Publication Date: February 2025

ISBN: 978-1-77258-532-2

Mothering and Mother(work) in the Times of Black Lives Matter is an edited collection that sprouted alongside the beginnings of the Black Lives Matter movement but seeks to root itself in the historic and ongoing fight against anti-Black, state-sanctioned violence. Utilizing research, personal narratives, poetry and art, this book explores the experience of mothering and “motherwork” alongside these movements and efforts to protect and value Black life.
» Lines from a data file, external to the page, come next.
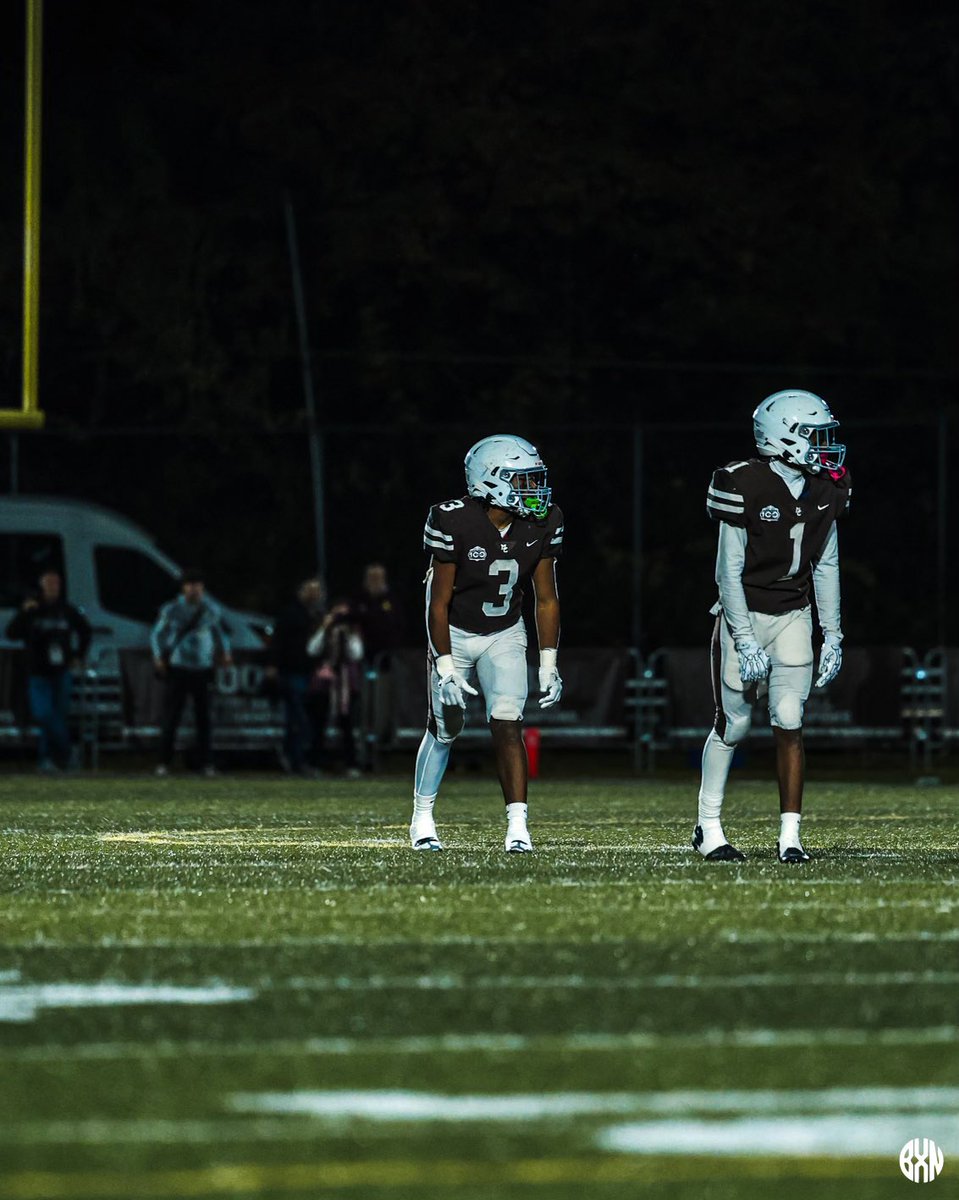 hudl.com/v/2QZPuk
Sophomore Season Highlights Weeks 1-9
10 Tds
1,019 Rushing Yards
Playoffs 🔜

<a href="/Jordanlynch06/">Jordan Lynch</a> <a href="/Bryan_Ault/">Bryan Ault - Midwest Scout</a> <a href="/EDGYTIM/">Timothy “EDGYTIM” OHalloran</a> <a href="/Rivals/">Rivals</a> <a href="/CaravanFootball/">Caravan Football</a>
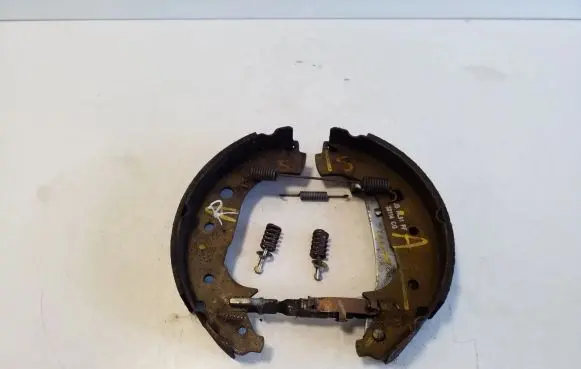 Ford Ecosport Handbrake/parking brake pads 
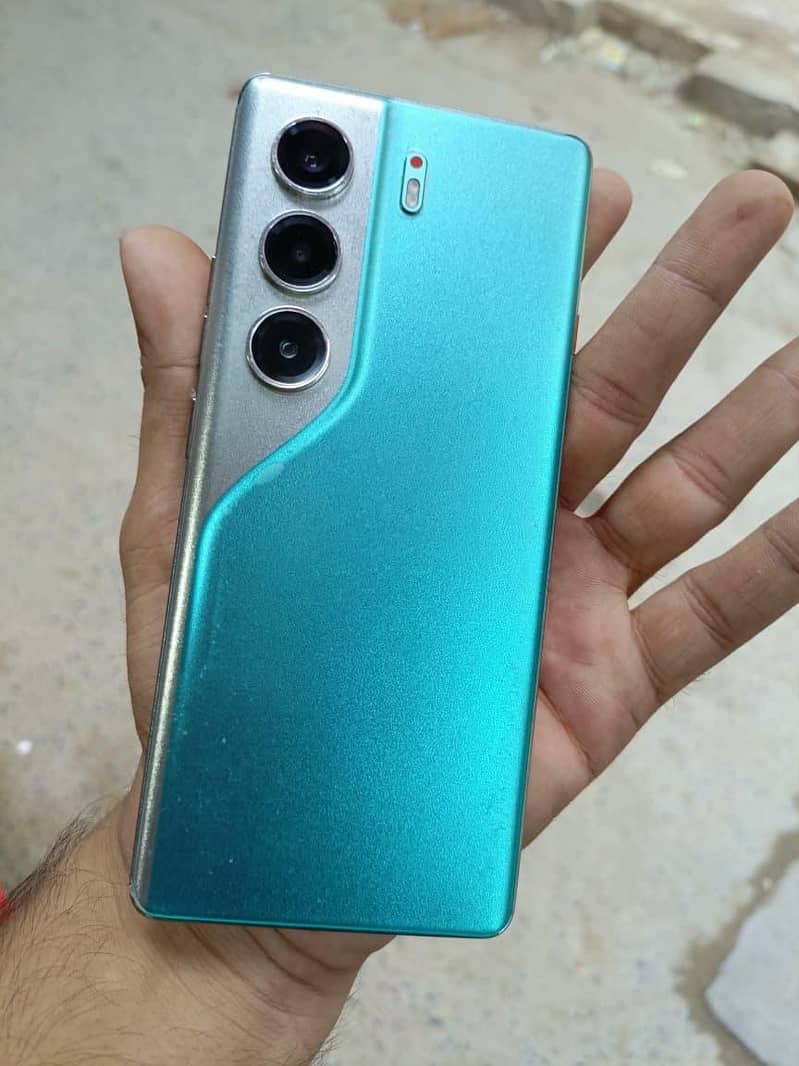 tecno camon 40 pro 8/256 0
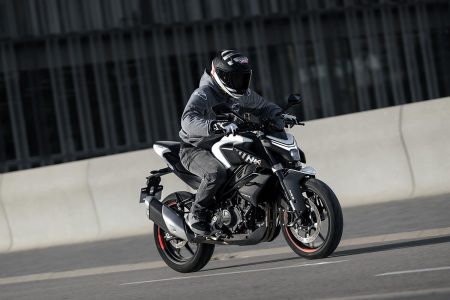 mb_cfmoto_450nk_gallery_08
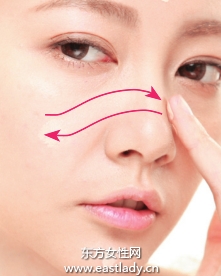 粉底液上妝要點(diǎn)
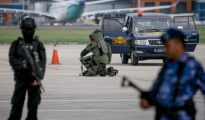 La policía de Indonesia demuestra sus habilidades antiterroristas durante un simulacro de seguridad.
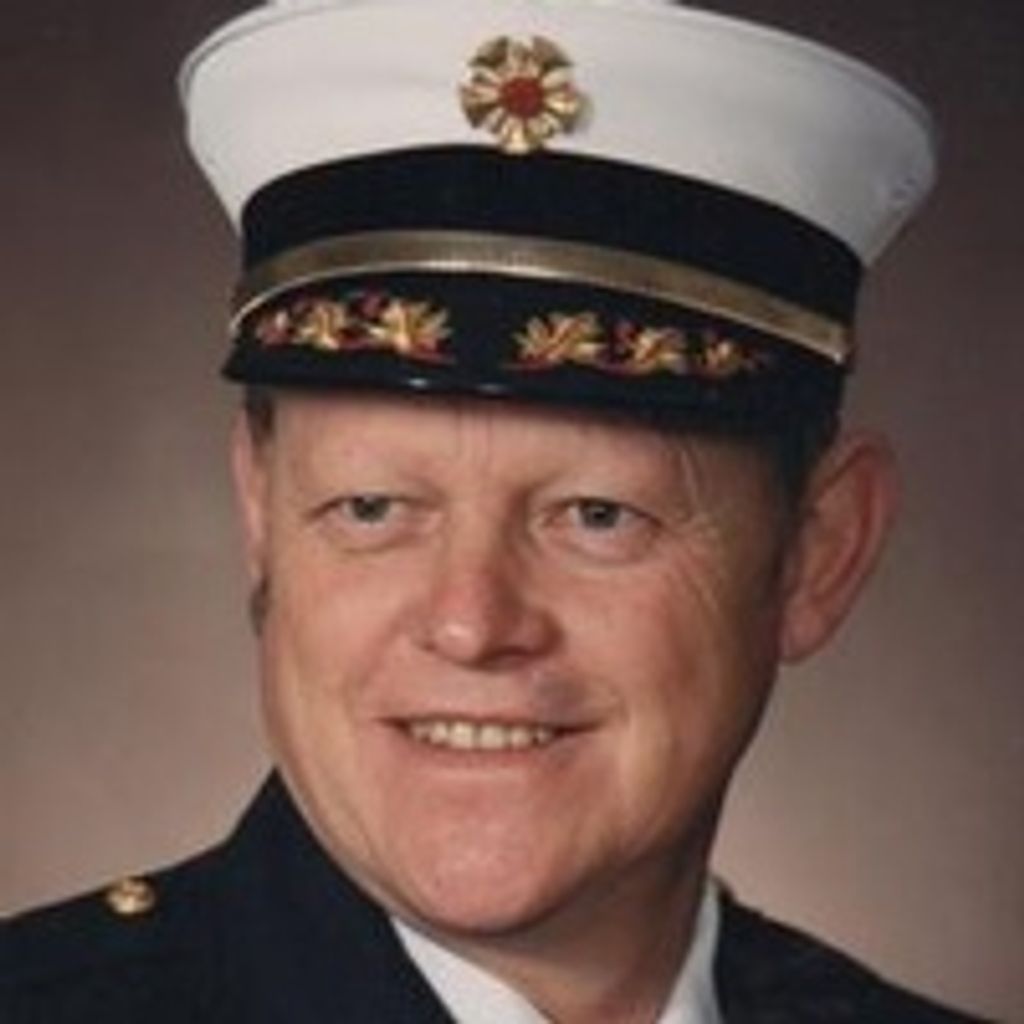 David  J Robertson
Centering the voices of Black mothers, Black other mothers and Black birthing people, the collection also seeks to explore the just world that Black mothers hope to create for their futures and the futures of their families and communities.

This collection provides a necessary humanizing and intimate portrait in the scholarship on Black lives. Here, we move beyond slogans and stories of acts of state violence to center mothering, the family, and the Black experience of human yearning as a point of departure. The use of long form scholarship, poetry, and visual art offers an understanding of social movement through a matricentric frame. A timely addition to the scholarship of these turbulent times.

- Zaje Harrell, Principal, Conscious Endeavor LLC

Bravo to the editors for assembling such a magnificent group of authors to tell stories about the many compartments of Black lives in multiple countries. There is something here for everyone – children to elders. The narratives of Black women parenting during tough, scary times – carrying out their motherwork- comes through clearly, intimately, and emotionally, showing the legacy, agency, and devastation inherent in being Black mothers and their mothering. The chapters are captivating; they take you on a journey of grief, sadness, regret, fear, loss and hope. The stories are raw and gripping leaving the reader no alternative but to engage with the text.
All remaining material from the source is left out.